### PROBLEM TO SOLVE
Write the line that contains "1 pokój, mieszkanie" and each one after it, word for word, ending with the final line of the data.

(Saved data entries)
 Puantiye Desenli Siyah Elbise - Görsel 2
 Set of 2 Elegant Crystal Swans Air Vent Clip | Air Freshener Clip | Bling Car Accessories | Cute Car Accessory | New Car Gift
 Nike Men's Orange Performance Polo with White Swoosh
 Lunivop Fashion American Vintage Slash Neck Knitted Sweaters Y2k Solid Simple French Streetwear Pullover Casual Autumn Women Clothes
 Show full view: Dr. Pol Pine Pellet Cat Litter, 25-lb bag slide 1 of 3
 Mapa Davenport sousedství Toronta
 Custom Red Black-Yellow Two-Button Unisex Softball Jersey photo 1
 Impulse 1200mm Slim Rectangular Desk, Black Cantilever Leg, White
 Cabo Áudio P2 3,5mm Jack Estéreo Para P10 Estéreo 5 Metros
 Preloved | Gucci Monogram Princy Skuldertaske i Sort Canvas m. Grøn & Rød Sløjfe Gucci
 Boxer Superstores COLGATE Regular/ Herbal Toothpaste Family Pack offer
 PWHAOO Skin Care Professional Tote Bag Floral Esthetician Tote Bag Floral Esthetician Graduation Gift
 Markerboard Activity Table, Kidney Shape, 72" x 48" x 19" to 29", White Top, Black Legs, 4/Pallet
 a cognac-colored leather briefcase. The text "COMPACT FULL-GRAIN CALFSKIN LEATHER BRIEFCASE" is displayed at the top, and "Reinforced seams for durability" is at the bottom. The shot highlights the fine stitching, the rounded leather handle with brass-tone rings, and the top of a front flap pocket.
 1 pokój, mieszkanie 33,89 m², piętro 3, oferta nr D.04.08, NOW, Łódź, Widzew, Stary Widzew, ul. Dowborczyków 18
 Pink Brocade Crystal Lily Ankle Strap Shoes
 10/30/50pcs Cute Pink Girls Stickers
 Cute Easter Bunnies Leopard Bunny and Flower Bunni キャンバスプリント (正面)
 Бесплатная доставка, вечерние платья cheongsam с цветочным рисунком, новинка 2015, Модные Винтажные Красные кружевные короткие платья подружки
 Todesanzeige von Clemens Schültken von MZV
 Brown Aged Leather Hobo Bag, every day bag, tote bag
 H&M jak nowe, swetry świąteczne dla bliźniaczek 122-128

### YOUR SOLUTION
 1 pokój, mieszkanie 33,89 m², piętro 3, oferta nr D.04.08, NOW, Łódź, Widzew, Stary Widzew, ul. Dowborczyków 18
 Pink Brocade Crystal Lily Ankle Strap Shoes
 10/30/50pcs Cute Pink Girls Stickers
 Cute Easter Bunnies Leopard Bunny and Flower Bunni キャンバスプリント (正面)
 Бесплатная доставка, вечерние платья cheongsam с цветочным рисунком, новинка 2015, Модные Винтажные Красные кружевные короткие платья подружки
 Todesanzeige von Clemens Schültken von MZV
 Brown Aged Leather Hobo Bag, every day bag, tote bag
 H&M jak nowe, swetry świąteczne dla bliźniaczek 122-128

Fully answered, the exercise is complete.